DATA FOR REVIEW:
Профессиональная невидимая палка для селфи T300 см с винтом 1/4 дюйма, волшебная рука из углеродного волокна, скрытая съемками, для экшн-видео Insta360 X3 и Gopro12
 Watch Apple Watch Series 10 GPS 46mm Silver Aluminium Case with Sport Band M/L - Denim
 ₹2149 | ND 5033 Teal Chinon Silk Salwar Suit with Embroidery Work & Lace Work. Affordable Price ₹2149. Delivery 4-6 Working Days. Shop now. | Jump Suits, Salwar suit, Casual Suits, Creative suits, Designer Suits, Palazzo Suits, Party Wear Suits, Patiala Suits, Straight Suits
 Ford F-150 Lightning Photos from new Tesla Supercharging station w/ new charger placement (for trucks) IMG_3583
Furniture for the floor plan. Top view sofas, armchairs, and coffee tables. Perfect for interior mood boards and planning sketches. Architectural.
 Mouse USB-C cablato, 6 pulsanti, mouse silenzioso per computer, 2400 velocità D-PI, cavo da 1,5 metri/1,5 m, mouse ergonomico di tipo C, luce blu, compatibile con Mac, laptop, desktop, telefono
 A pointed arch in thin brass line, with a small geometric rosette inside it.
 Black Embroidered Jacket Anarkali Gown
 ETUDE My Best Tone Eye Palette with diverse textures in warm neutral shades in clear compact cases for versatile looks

PROBLEM TO WORK ON: Nothing but the lines from the first line of the data through the line with "Furniture for the" should be returned, exactly as they appear, both ends included.

WRITTEN ANSWER:
Профессиональная невидимая палка для селфи T300 см с винтом 1/4 дюйма, волшебная рука из углеродного волокна, скрытая съемками, для экшн-видео Insta360 X3 и Gopro12
 Watch Apple Watch Series 10 GPS 46mm Silver Aluminium Case with Sport Band M/L - Denim
 ₹2149 | ND 5033 Teal Chinon Silk Salwar Suit with Embroidery Work & Lace Work. Affordable Price ₹2149. Delivery 4-6 Working Days. Shop now. | Jump Suits, Salwar suit, Casual Suits, Creative suits, Designer Suits, Palazzo Suits, Party Wear Suits, Patiala Suits, Straight Suits
 Ford F-150 Lightning Photos from new Tesla Supercharging station w/ new charger placement (for trucks) IMG_3583
Furniture for the floor plan. Top view sofas, armchairs, and coffee tables. Perfect for interior mood boards and planning sketches. Architectural.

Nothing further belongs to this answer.